1. Introduction — 緒論

Visual object tracking is a fundamental problem with broad applications in surveillance, autonomous driving, human-computer interaction, and activity recognition. A tracker must handle appearance changes due to illumination variation, pose change, partial occlusion, and background clutter. Sparse representation-based methods have gained popularity by representing the target as a sparse linear combination of dictionary templates. However, the effectiveness of these methods hinges on the quality of the template dictionary.

視覺物件追蹤是一個具有廣泛應用的基礎問題，涵蓋監控、自駕車、人機互動與活動辨識。追蹤器必須處理因光照變化、姿態改變、部分遮擋與背景雜亂所造成的外觀變化。基於稀疏表示的方法透過將目標表示為字典範本的稀疏線性組合而獲得普及。然而，這些方法的有效性取決於範本字典的品質。

段落功能建立研究場域——定義視覺追蹤的重要性並指出稀疏表示方法的核心依賴。

邏輯角色論證鏈的起點：先以四類挑戰建立問題的困難度，再將焦點收窄至稀疏方法的特定瓶頸——字典品質。

論證技巧 / 潛在漏洞將所有追蹤挑戰歸因為「外觀變化」是合理的統一視角。但稀疏表示本身可能不是最優的表示——例如，全域範本（PCA 子空間）在某些場景中可能更穩健。

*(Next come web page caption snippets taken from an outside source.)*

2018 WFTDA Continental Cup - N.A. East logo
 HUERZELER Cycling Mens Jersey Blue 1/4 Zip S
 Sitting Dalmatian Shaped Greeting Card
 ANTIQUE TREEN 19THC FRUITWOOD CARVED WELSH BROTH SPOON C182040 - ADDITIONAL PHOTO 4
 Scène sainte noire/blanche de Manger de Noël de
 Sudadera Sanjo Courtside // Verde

Existing template update strategies fall into two extremes: static dictionaries that never update and fully adaptive dictionaries that update every frame. Static dictionaries fail to capture appearance variations over time, while fully adaptive ones are prone to drift — gradually incorporating tracking errors into the template set. We propose a principled middle ground through multi-lifespan dictionary learning, where dictionary atoms are assigned different lifespans reflecting their temporal relevance and reliability. This enables the tracker to adapt to genuine appearance changes while maintaining a stable reference from the initial frames.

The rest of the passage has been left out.